Outside of London, the 'property crunch' is non-existent

Record unemployment. Surging pay. Ultra-low interest rates. It sounds like the perfect time to buy a house. Prices should be booming. Yet prices in the three months to September were up just 0.2% on the year, according to Nationwide. So what's going on?

Article sourced from The Telegraph

The trick is to look beyond the headline numbers. Britain's housing market is often spoken of as if it is one beast, but is it not a unified entity at all. Instead it is very much a local market. Buyers know roughly where they want to live, tweak it depending on variations in local prices, schools, jobs, family concerns and more. The price in London is of no interest to a buyer in, say, Leeds. The cost of a flat in Burnley does not matter to a mover in Brighton.

Prices are rising in most regions, at what one might consider to be a sensible and moderate pace.

The UK does not have one unified housing market - London is prone to more extremes

Northern Ireland recorded a 3.4% rise. Wales' prices are up 2.9%. The north west of England is next at 2.5%, and the West Midlands at 2.1%. The trend since mid-2017 has been the same: Northern Ireland up almost 8%, the north west nearly 7%, and the West Midlands 6.3%.

Yet the UK's prices overall are up by only 2.4%. That is because London's prices have been falling for the entire period, a slow but percentible drain from the average as the biggest property market weighs down the headline number.

Prices in the capital fell 1.7% over the past year, and have dropped for the past nine consecutive quarters, an overall fall of 2.4%. This gives a very clear split between London and its surrounds, and the rest.

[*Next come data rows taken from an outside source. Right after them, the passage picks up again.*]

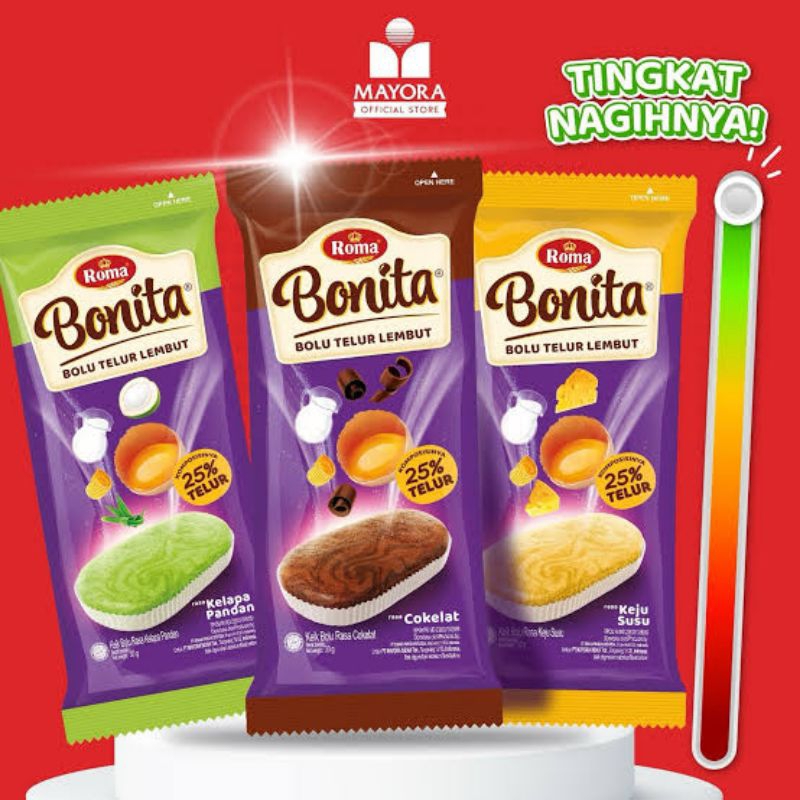 

BONITA PAKET 1 BOX ISI 12 PCS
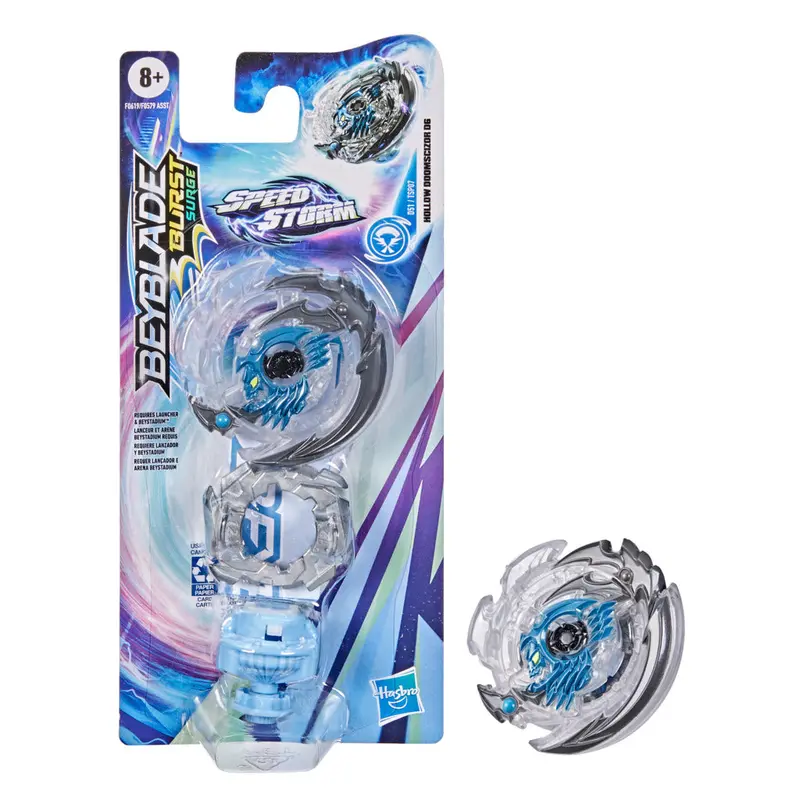 Beyblade - Speedstorm Single Pack Assortment (Colour: Hollow Doomscizor)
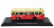 Edicola Brossel Jonckheere Autobus 1957 - Damage Display Box 1:72 Oranžový Krém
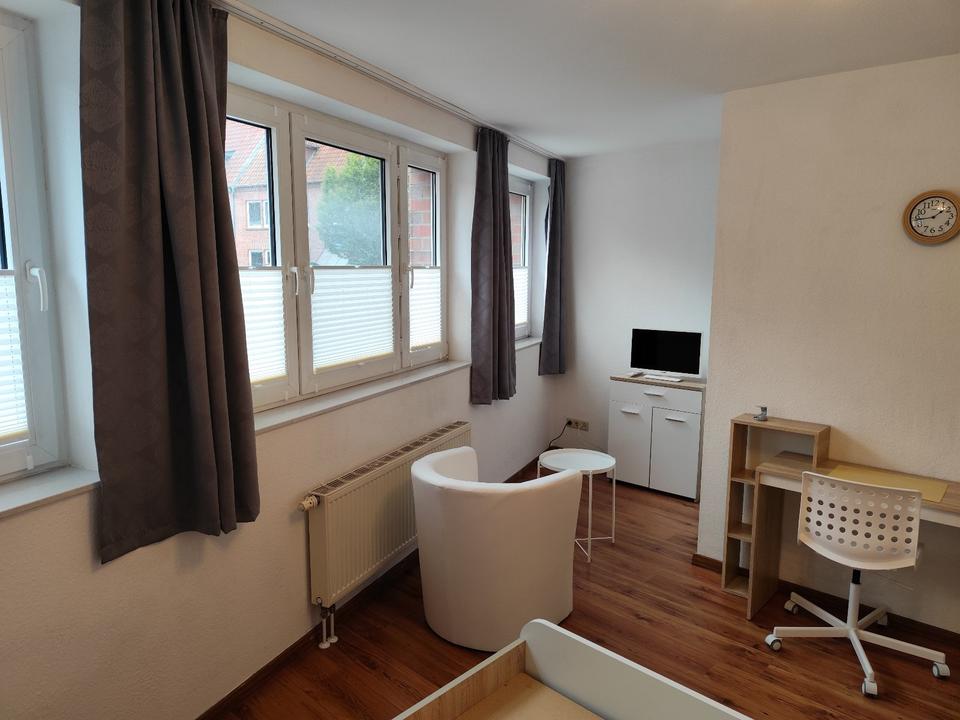 Thumbnail-Voll möblierte 1 Zimmer NR-Single-Wohnung, Emden-Innenstadt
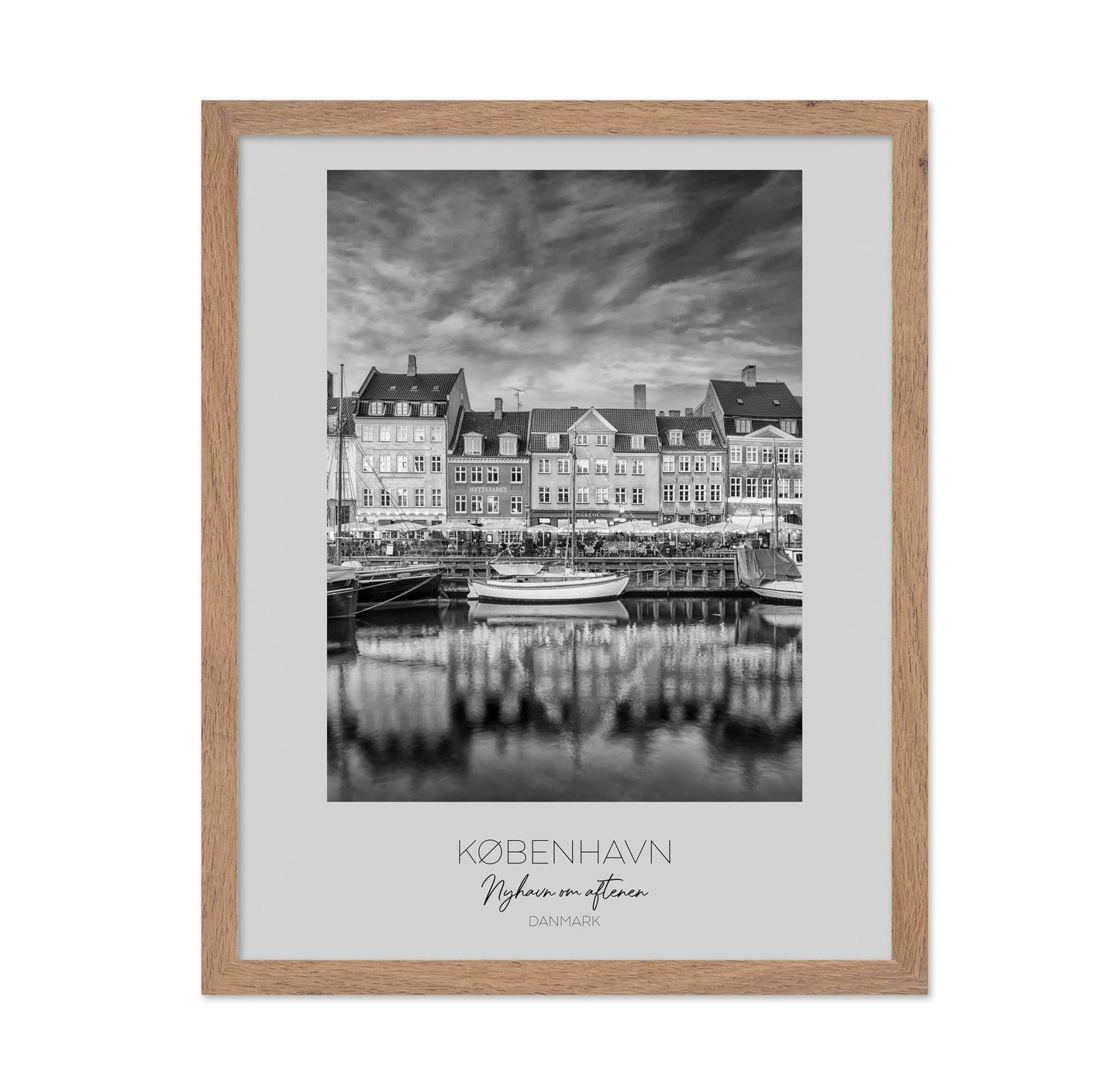 Copenhagen Harbor View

The gap between prices in London and the south east, and the rest of the country is easing - a little

The gap in the average price in London and the south east compared to the rest of the country is down from its peak of just over £166,000 at the start of 2017 to just below £152,000 now. That is still high by historic standards - the premium was only £76,500 at the start of the financial crisis - but it shows London is playing by different rules to the rest of the nation.

Once this meant prices booming far in excess of those elsewhere. Now it means the air is escaping that bubble.

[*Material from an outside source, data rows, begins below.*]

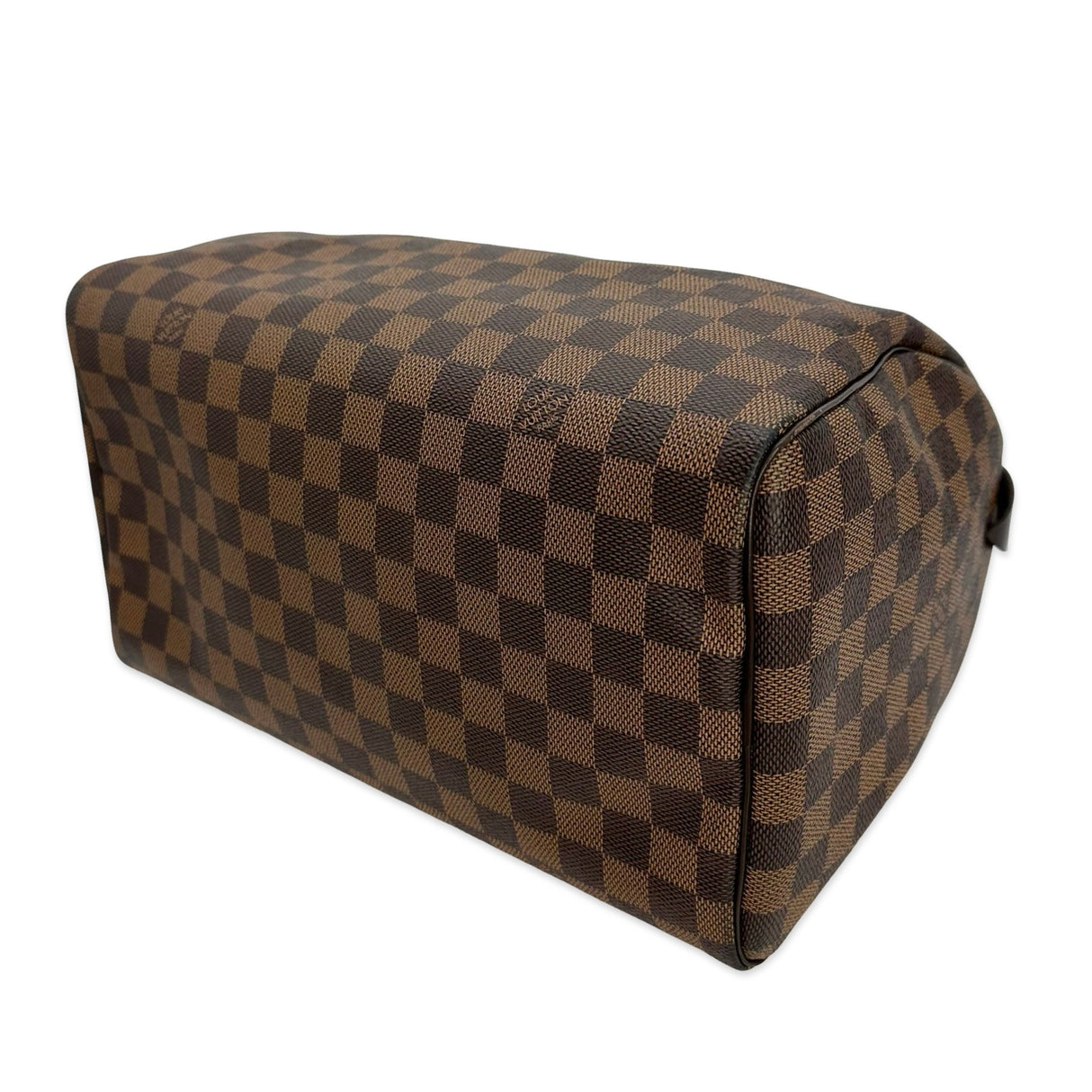 LOUIS VUITTON: Damier Ebene Speedy 30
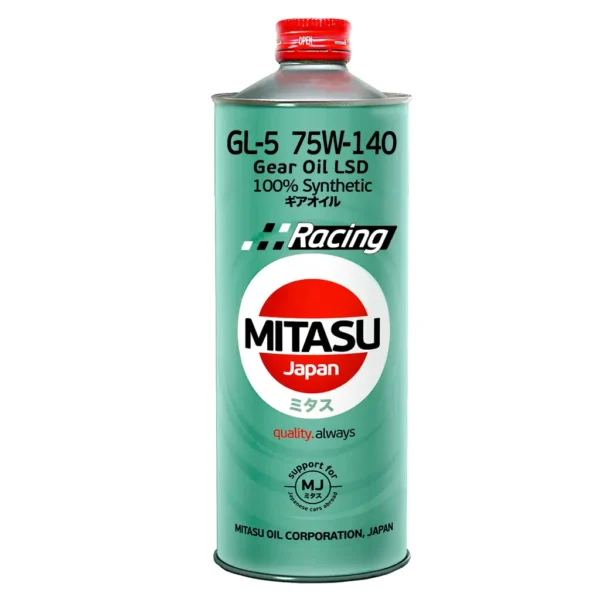 aceite 75w140 lsd 1l mitasu MJ-414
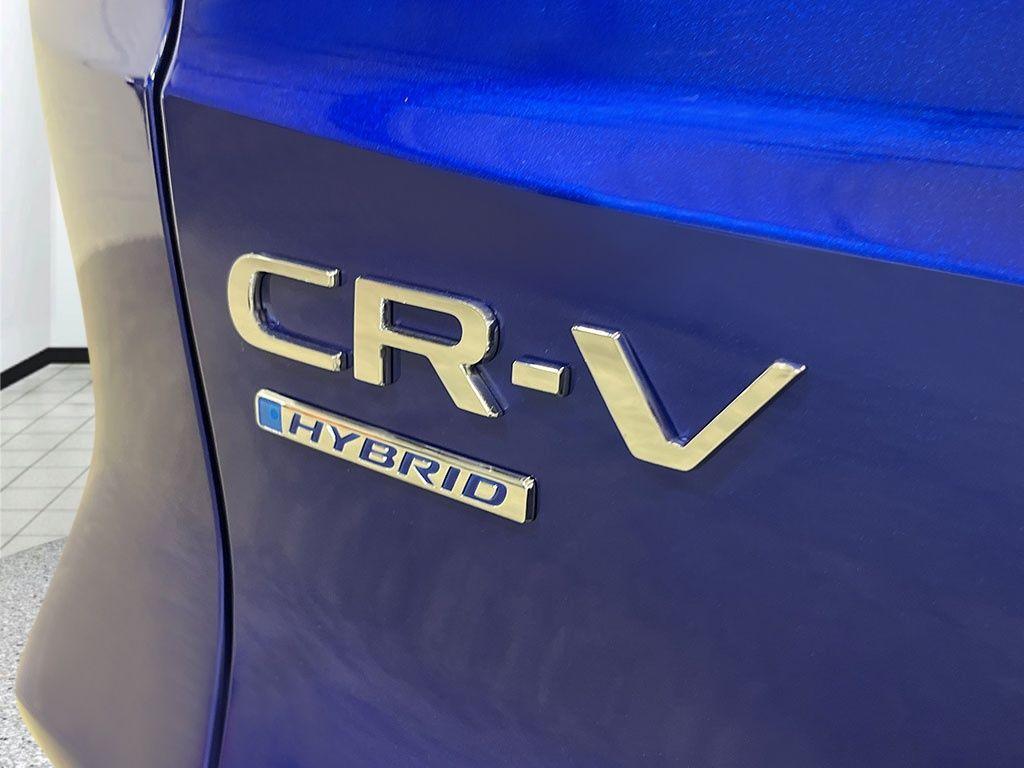 new 2025 Honda CR-V Hybrid car, priced at $40,955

Structural differences between regions are important, says Robert Gardner, chief economist at Nationwide. London has an unusually large private rented sector, so changes in buy-to-let borrowing rules and taxes had a bigger impact on demand and on prices. Its working population recovered more quickly and surged after the crisis, pushing up prices as house-building failed to keep place.

The result is strained affordability in the capital, as first-time buyers have to scrape together bigger deposits to buy in London, and mortgage payments are higher than elsewhere. It left London's prices much more vulnerable to a slow down. Prices elsewhere can keep rising easily. London's sellers will struggle to find many buyers with deeper pockets who can sustain higher costs.

This can also be seen in UBS's global real estate bubble index, which monitors prices in hot spots around the world. London has slipped out of bubble territory and is now merely classed as "overvalued".

"Increased stamp duties and a less favourable tax environment have taken their toll on the sentiment of wealthy investors, " said the bank's report. "Political uncertainty about Brexit has made investors cautious. But we consider further downside limited unless the UK plunges into a severe recession".

That suggests that, after a pause, London's market might eventually reconnect with the economic fundamentals, rising in line with earnings once more - and re-joining the rest of the nation's housing market.